▸ **What is being asked**
Return only the lines of the data below from the line with "LS レディース ]22SS【メーカー取寄せ商品】" up to and including the line with "Rekapitulasi DPT Tingkat", exactly as written, with the pictures omitted.

▸ **Records supplied**
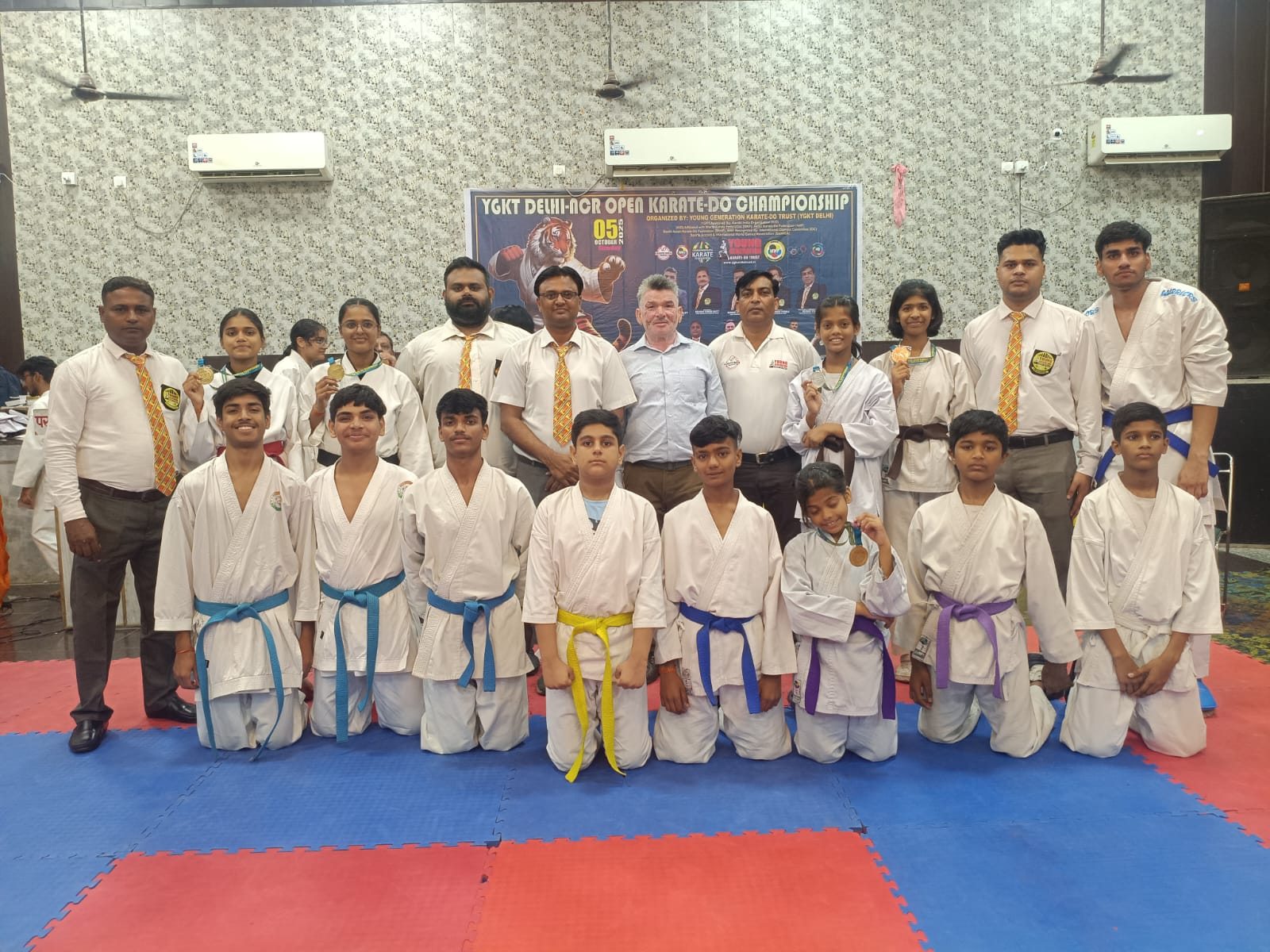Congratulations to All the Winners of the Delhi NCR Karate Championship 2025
--
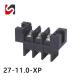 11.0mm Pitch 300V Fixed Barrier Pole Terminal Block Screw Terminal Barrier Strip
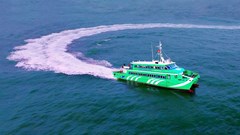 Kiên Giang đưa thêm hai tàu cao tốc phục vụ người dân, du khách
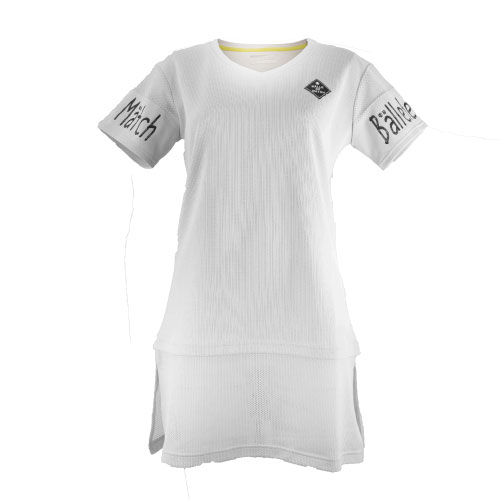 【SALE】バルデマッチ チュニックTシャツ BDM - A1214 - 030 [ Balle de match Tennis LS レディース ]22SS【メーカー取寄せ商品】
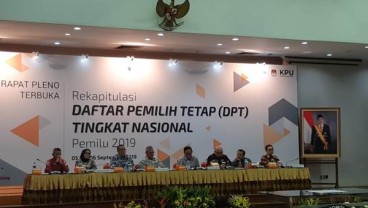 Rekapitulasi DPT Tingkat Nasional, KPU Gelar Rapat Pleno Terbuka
--
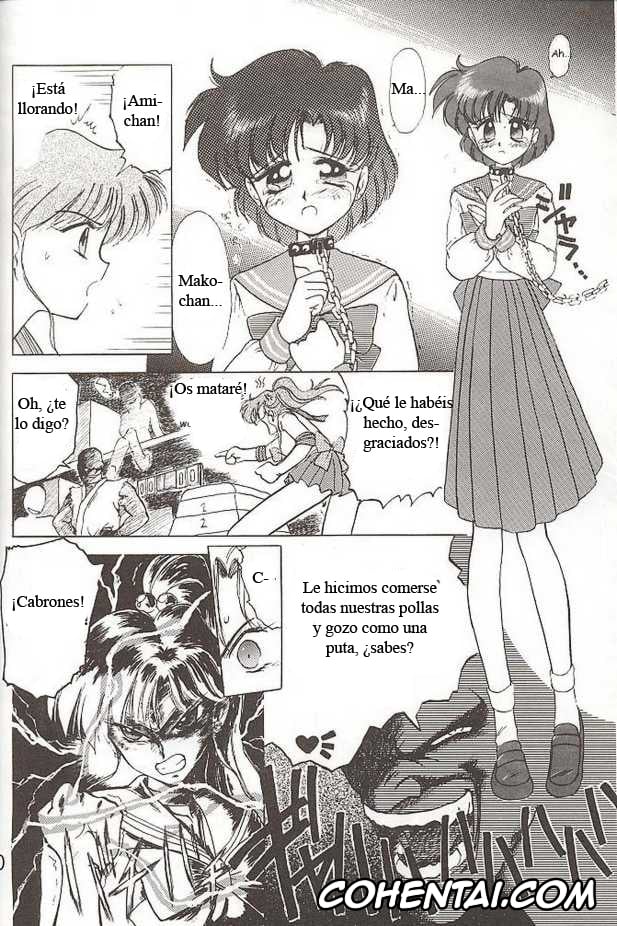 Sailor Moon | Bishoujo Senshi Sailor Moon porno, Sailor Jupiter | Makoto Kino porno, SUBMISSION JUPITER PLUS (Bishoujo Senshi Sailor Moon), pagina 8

▸ **Exercise output**
 【SALE】バルデマッチ チュニックTシャツ BDM - A1214 - 030 [ Balle de match Tennis LS レディース ]22SS【メーカー取寄せ商品】
 Rekapitulasi DPT Tingkat Nasional, KPU Gelar Rapat Pleno Terbuka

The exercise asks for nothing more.